• Instructions to follow:
The data must be given again exactly as written, with all images omitted.

• Provided material:
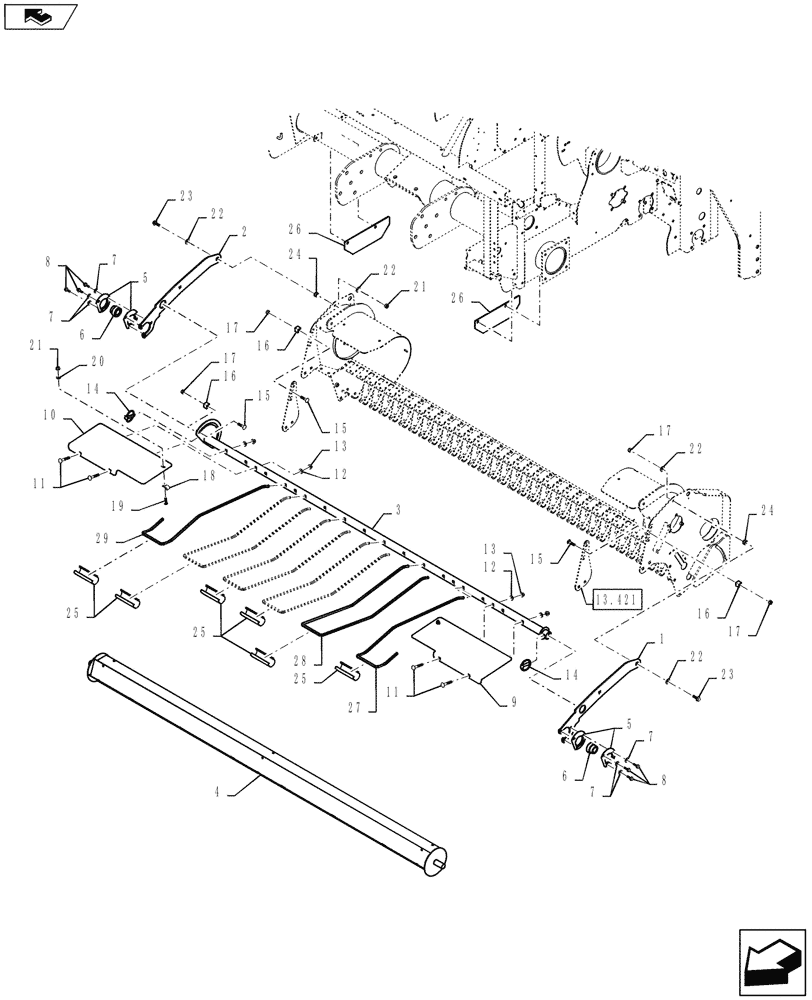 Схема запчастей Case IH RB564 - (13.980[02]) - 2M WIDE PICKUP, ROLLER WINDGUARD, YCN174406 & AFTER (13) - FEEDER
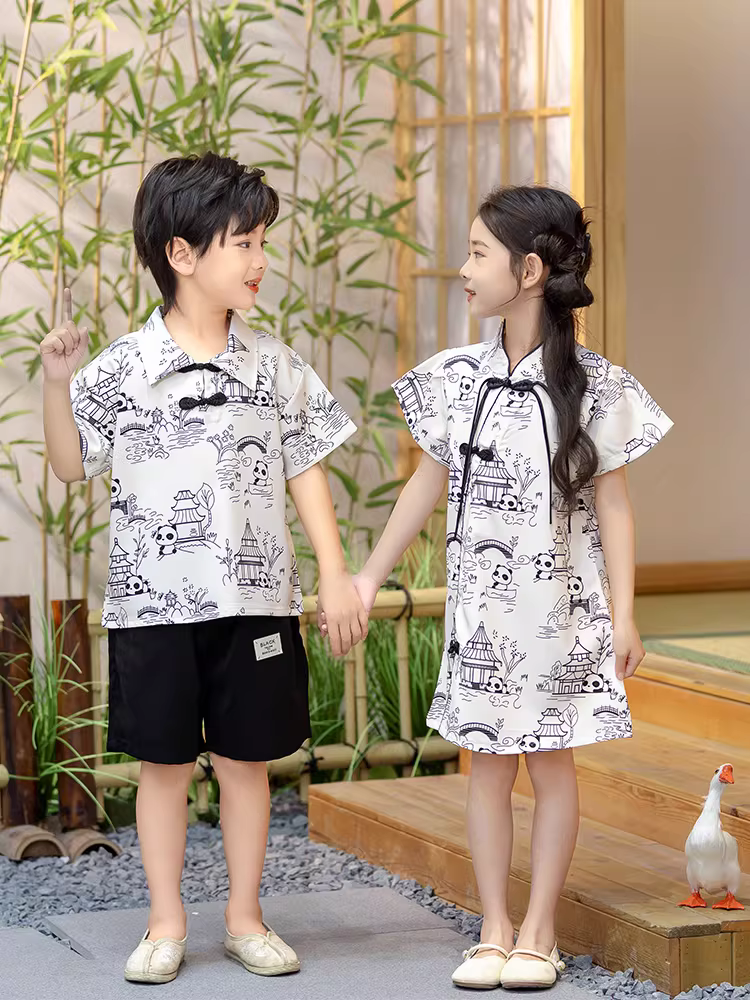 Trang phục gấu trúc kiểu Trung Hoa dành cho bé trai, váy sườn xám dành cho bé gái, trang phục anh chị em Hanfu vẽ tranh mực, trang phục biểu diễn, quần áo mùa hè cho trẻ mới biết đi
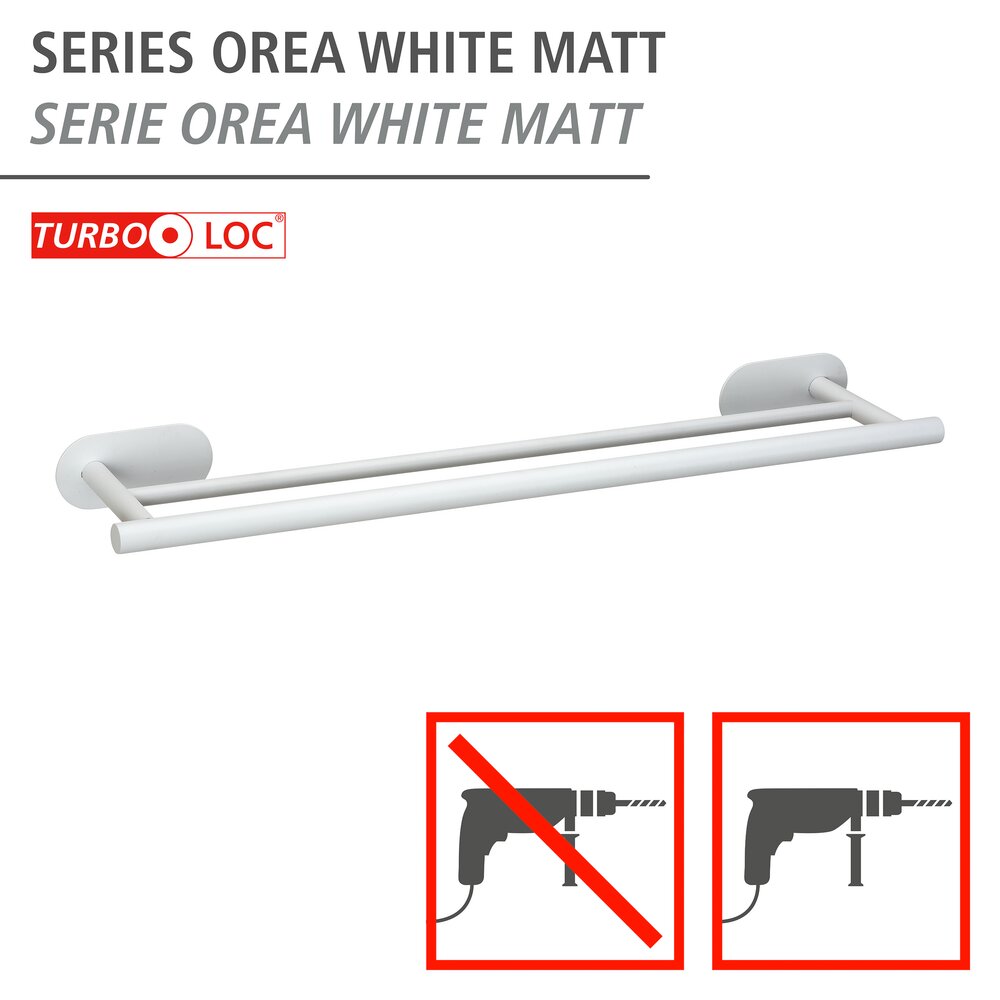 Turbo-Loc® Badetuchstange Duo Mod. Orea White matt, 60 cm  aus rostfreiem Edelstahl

• Problem solution:
 Схема запчастей Case IH RB564 - (13.980[02]) - 2M WIDE PICKUP, ROLLER WINDGUARD, YCN174406 & AFTER (13) - FEEDER
 Trang phục gấu trúc kiểu Trung Hoa dành cho bé trai, váy sườn xám dành cho bé gái, trang phục anh chị em Hanfu vẽ tranh mực, trang phục biểu diễn, quần áo mùa hè cho trẻ mới biết đi
 Turbo-Loc® Badetuchstange Duo Mod. Orea White matt, 60 cm  aus rostfreiem Edelstahl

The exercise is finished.